5 January 2009 Canada

Written by Greg Weston

Despite reduced quotas and strict protections, Canada’s Atlantic bluefin tuna stock faces depletion due to international mismanagement and demand for sushi meat from the prized fish, researchers say.

 

“There’s a sushi economy around the globe that’s evident in any North American supermarket or town. It’s ubiquitous,” says Barbara Block, a Stanford University professor of marine sciences who has studied bluefin tuna for 25 years.

 

Bluefins, which can weigh up to 675 kilograms and grow up to four meters in length, are a lucrative commodity on the international sushi market. In 2001, a 201-kilogram bluefin was sold at a Tokyo fish market for a record-breaking US$173,600. Despite growing sushi demand in countries like China and Russia, it is estimated that 75 per cent of bluefins caught globally are exported to Japan.

 

“You work out the per-pound price, and they’re worth their weight in gold, so it’s not surprising that there’s such intensive fishing pressure,” says Shana Miller, science and policy coordinator of Tag-A-Giant, a bluefin tuna research and policy foundation.

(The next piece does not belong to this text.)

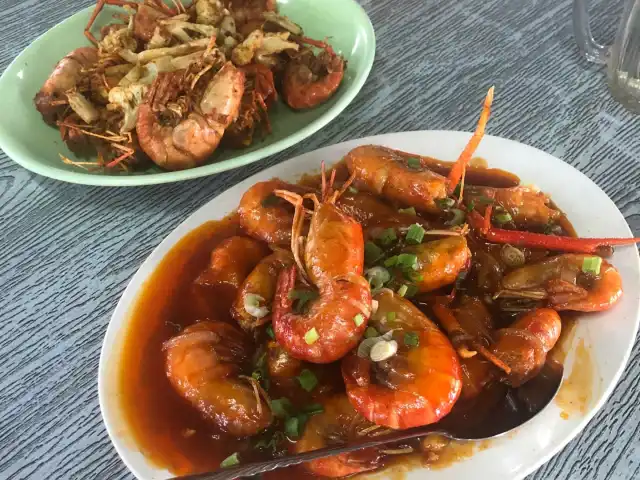 Restoran D'tepian Sungai Food Photo 5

“In the western Atlantic, it’s pretty well accepted that the population has declined by over 80 per cent in the last 30 years. In the eastern Atlantic, the decline isn’t as severe, but recent declines are just astronomical, in the order of 15 per cent per year, because fishing pressure has increased so much,” says Ms. Miller.

Ms. Block says the International Commission for the Conservation of Atlantic Tunas, the organization that manages global tuna stocks, is mishandling the bluefin fishery.

In November, the commission lowered the annual quota from 28,500 to 22,000 tons, despite advice from scientists for a maximum of 15,000 tons.

”It’s outrageous. It’s extraordinary and embarrassing for (the commission) when it’s so clear the bluefin is in trouble, much like the cod was, that the scientific commission told them they had to cut their quotas, and they actually didn’t do it. It tells us that (the commission) is not capable of managing the future of bluefins.” Ms. Miller says illegal fishing, particularly by countries surrounding the Mediterranean Sea, pushes the actual catch much higher than the quota.

”This year, the catch will probably end up being in the 60,000… ton range. (The commission’s) member nations in the eastern Atlantic have shown no ability to comply with the quotas, so even if they did reduce the quota, we could very well see another 60,000… ton catch,” she says.

 

The Tag-A-Giant Foundation is the result of a program started in 1996 to monitor the movements of bluefin tunas using electronic tracking tags. In October, the 1,000th tag was implanted in a tuna off Port Hood.

 

Leading the field team was Mike Stokesbury, director of research at Dalhousie University’s Ocean Tracking Network. Mr. Stokesbury says the information gathered by the program is essential to properly managing bluefins, which account for about $11 million of Nova Scotia’s annual fisheries revenue.

 

“Back when the program started, people knew very little about the oceanic movements of bluefin tuna. We need as much information as we can get,” he says.

 

Ms. Block, the scientific adviser to Tag-A-Giant, says the contribution of fishermen is vital to the protection of the industry.

 

“The future of bluefin is at stake in the North Atlantic right now. Canada has a really important role in the science, and the Canadian fishers who have been out there helping both American teams doing the tagging up there should be commended.”